There will be those who say that we “cannot afford to do this”.
We say, “how can we afford not to?” If we accept the universal
and compulsory requirement that all children up to the age of 16
be in school, why do we break from that principle of universal
care, nurturing and protection in relation to their meals during the
school day? We think it absurd that children are not provided with
adequate shelter, heating, drinking water and sanitary provision
whilst in school. Why take a different approach to the equally
essential elements of learning materials and food? The evidence
of better concentration, behaviour and learning when properly
nourished is irrefutable. Breakfast clubs already operate with
considerable success in various places. Universal provision
matches the ethos and aspiration of our education system. It
further avoids the bureaucracy and stigma of means-testing our
school-age children.
o 2. Community Kitchens:
A great deal of wasted resource and potential stems from the
segmented and outsourced nature of so many public services. If
school kitchens become an engine of better nutrition for our kids
during the day, why should they not be equally well utilised during
evenings, weekends and school holidays? There should be a legal
framework of duties, shared by national, and local government as
well as state funded schools themselves, to provide “community
kitchens” that provide dining clubs and “meals-on-wheels” for the
elderly and vulnerable, school holiday meals for those most in
need and cookery clubs and lessons for the wider community. This
policy might be as powerful a tool in tackling loneliness and social
isolation as in tackling food poverty and obesity in our nations.
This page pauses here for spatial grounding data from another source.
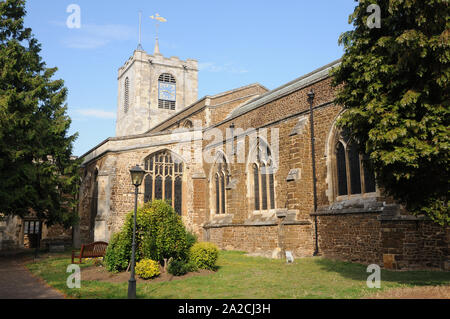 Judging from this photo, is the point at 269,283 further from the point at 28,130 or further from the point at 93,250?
the point at 28,130

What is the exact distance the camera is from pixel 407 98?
8.10 metres

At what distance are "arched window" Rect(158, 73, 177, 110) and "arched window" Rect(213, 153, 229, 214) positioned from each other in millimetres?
24024

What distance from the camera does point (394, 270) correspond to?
442 inches

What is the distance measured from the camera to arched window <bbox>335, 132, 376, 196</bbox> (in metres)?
13.9

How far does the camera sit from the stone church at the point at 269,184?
41.9 ft

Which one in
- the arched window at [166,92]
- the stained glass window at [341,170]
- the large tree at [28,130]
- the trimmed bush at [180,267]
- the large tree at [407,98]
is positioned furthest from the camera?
the arched window at [166,92]

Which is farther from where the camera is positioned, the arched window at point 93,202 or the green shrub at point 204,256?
the arched window at point 93,202

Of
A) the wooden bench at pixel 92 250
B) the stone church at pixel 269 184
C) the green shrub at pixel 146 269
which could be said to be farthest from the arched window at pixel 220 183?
the green shrub at pixel 146 269

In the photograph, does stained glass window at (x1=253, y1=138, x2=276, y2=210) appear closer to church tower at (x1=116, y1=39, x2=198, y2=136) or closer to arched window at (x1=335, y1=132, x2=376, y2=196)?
arched window at (x1=335, y1=132, x2=376, y2=196)

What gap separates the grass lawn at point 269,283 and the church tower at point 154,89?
32.5m

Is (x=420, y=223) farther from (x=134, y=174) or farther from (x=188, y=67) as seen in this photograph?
(x=188, y=67)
• 3.Reasonable portions in benefits and wages:
To tackle the invidious choice that too many people must make
between food, fuel and other essentials every day, the
Government should be under a duty when setting minimum and

living wages and any relevant social security benefit (on which
people are expected to live), to state how much of the prescribed
sum has been notionally calculated for food. This transparent
figure can then be subject to public scrutiny, parliamentary debate
and ultimately review in the courts (on the application of a
relevant regulator or other interested party).
4. Ensured food security:
There should be a duty on the Government (and devolved
administrations) to ensure food security for our nations and to
take this duty into account when setting competition, planning,
transport, local government and all other policy. There should be
corresponding powers to issue compulsory directions to private
parties in the context of anticipated local, regional or national
“food emergencies” relating either to food standards or supply.
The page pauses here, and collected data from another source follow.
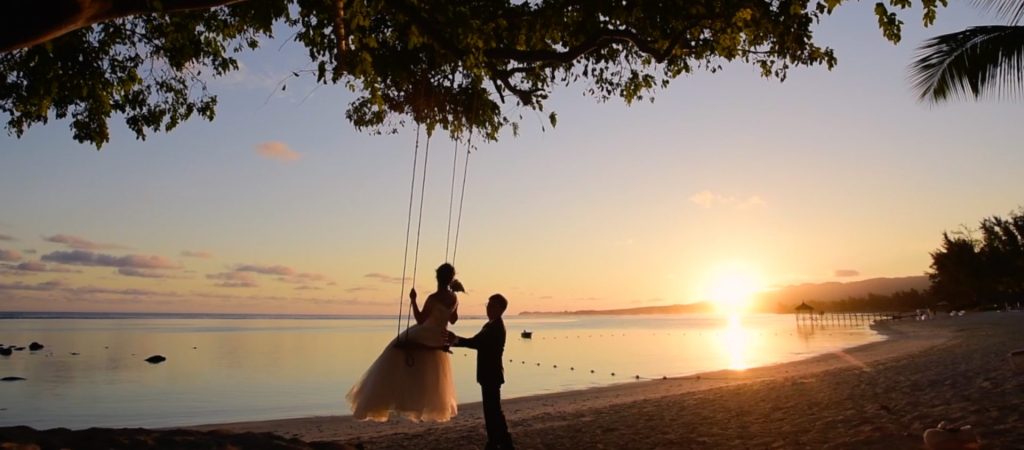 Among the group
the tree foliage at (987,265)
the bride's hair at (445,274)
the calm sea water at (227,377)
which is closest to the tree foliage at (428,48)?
the bride's hair at (445,274)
5. Independent enforcement:
The various new rights and duties outlined above will only be
meaningful if accompanied by sufficient oversight and
enforcement powers granted to a new independent regulatory
body. This could take the form of an enhanced and additionally
resourced combined Food Standards and Security Agency.
However, the precise agency or agencies is less important than
independence, powers and duties, adequate resourcing and the
ultimate ability to seek final recourse through the courts. The
history of the post-war period (not least since the decimation of
civil legal aid) teaches us that rights without enforcement powers
and resources can be very hollow indeed. Further, this expert
independent regulator will be better positioned than individual
citizens, civil society campaigns or even the courts by themselves,
to lead the discourse around holding all future governments and
other relevant actors to account in the discharge of their duties
around essential food rights for all the people of the UK.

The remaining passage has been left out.